Rolled stars are small cores of a hard material (often lead shot or an organic material such as mustard seeds or even cut stars) which are coated in a rotating mixer similar to a concrete mixer. First some water is sprayed on cores. Then an amount of a pyrotechnic composition is dropped into the mixer. These two steps are repeated, and the stars will grow bigger and bigger into a spherical shape.
Pumped stars are stars that have been pumped using a star pump. A dampened composition is put in the star pump and is pressed against a flat surface and ejected again, creating cylinder shaped stars.
Cut stars is a dampened composition spread out to an even layer on a flat surface. The stars are then cut into cubes.

The stars are allowed to dry for some days before being put into the fireworks piece.

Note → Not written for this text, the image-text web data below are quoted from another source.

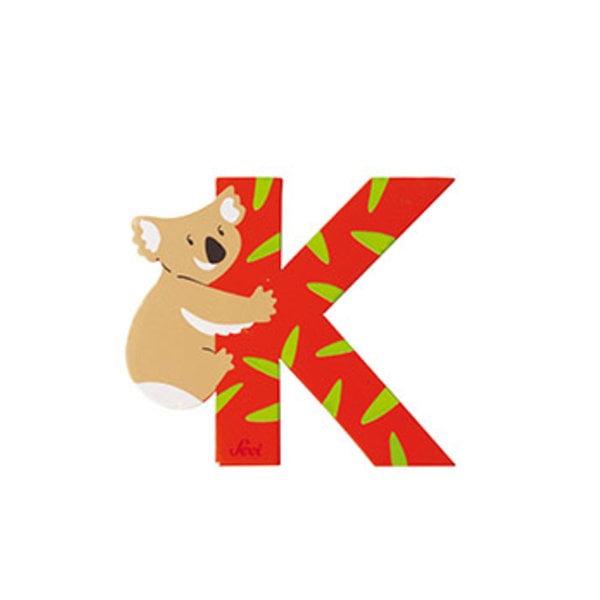 Animal Letter K (gammel)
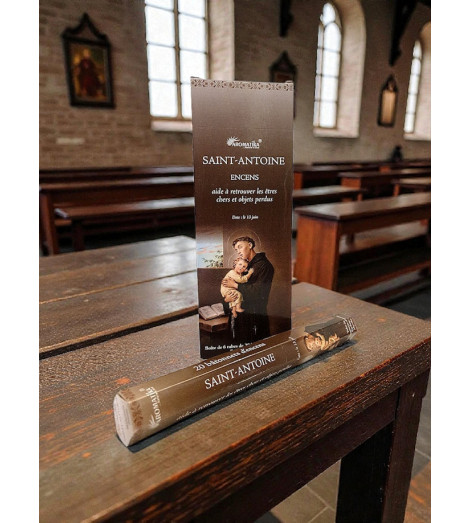 Encens Religieux Saint Antoine – Prière et Confiance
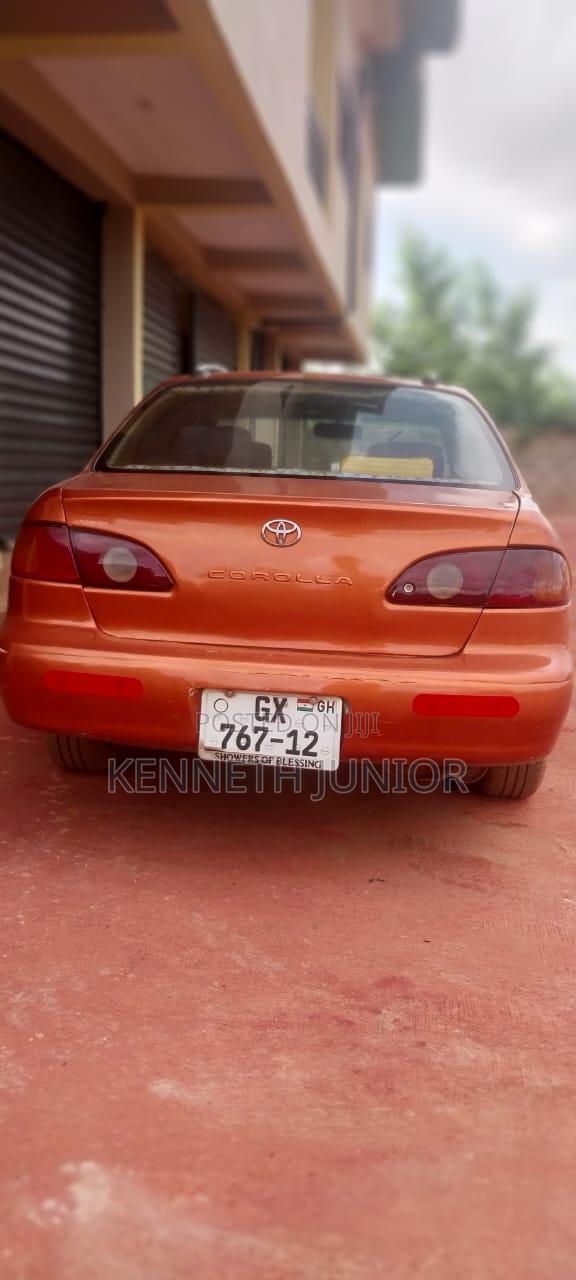 Toyota Corolla Sedan Automatic 2003 Brown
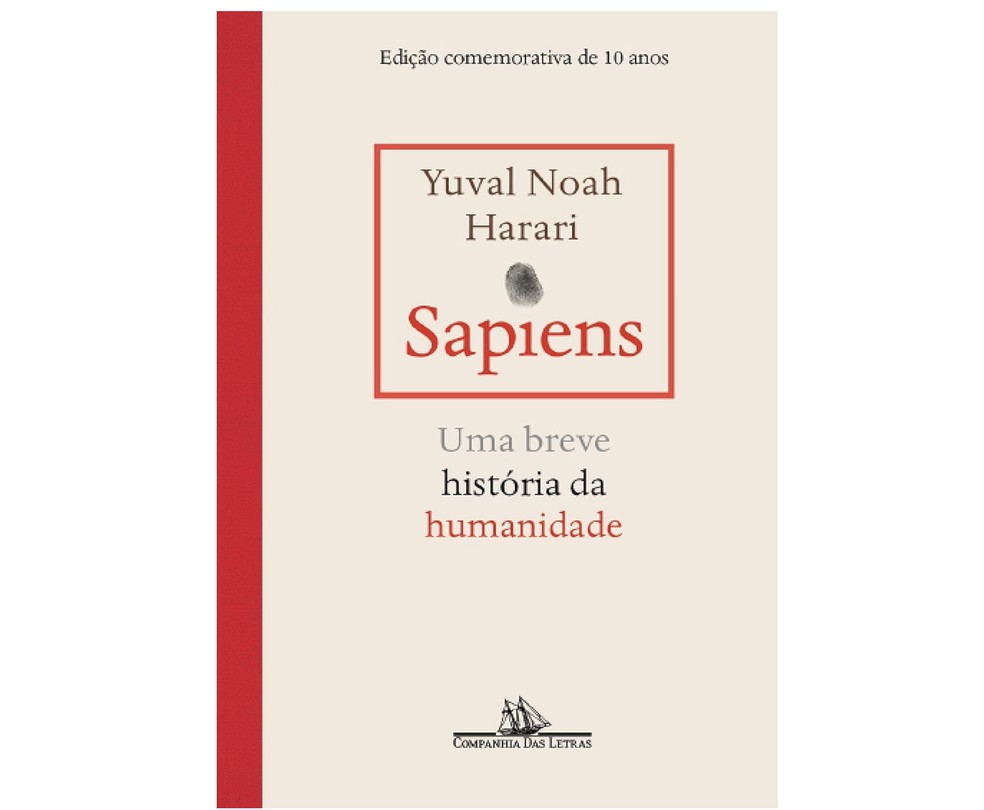 Sapiens: Uma breve história da humanidade, por Yuval Noah Harari  – 39% off — Foto: Reprodução/Amazon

Priming the stars is often necessary because they may be hard to ignite. Priming consists of coating the surface of the star with a more easily ignited substance, such as black powder.

Putting into use
Stars can be used in aerial shells, Roman candles, star mines, and certain bottle rockets. When used in aerial shells, the stars may sometimes be required to be "primed" with an ignition coating, consisting of a pyrotechnic mixture with an ignition temperature lower than that of the star. This is usually done if the star composition does not ignite easily.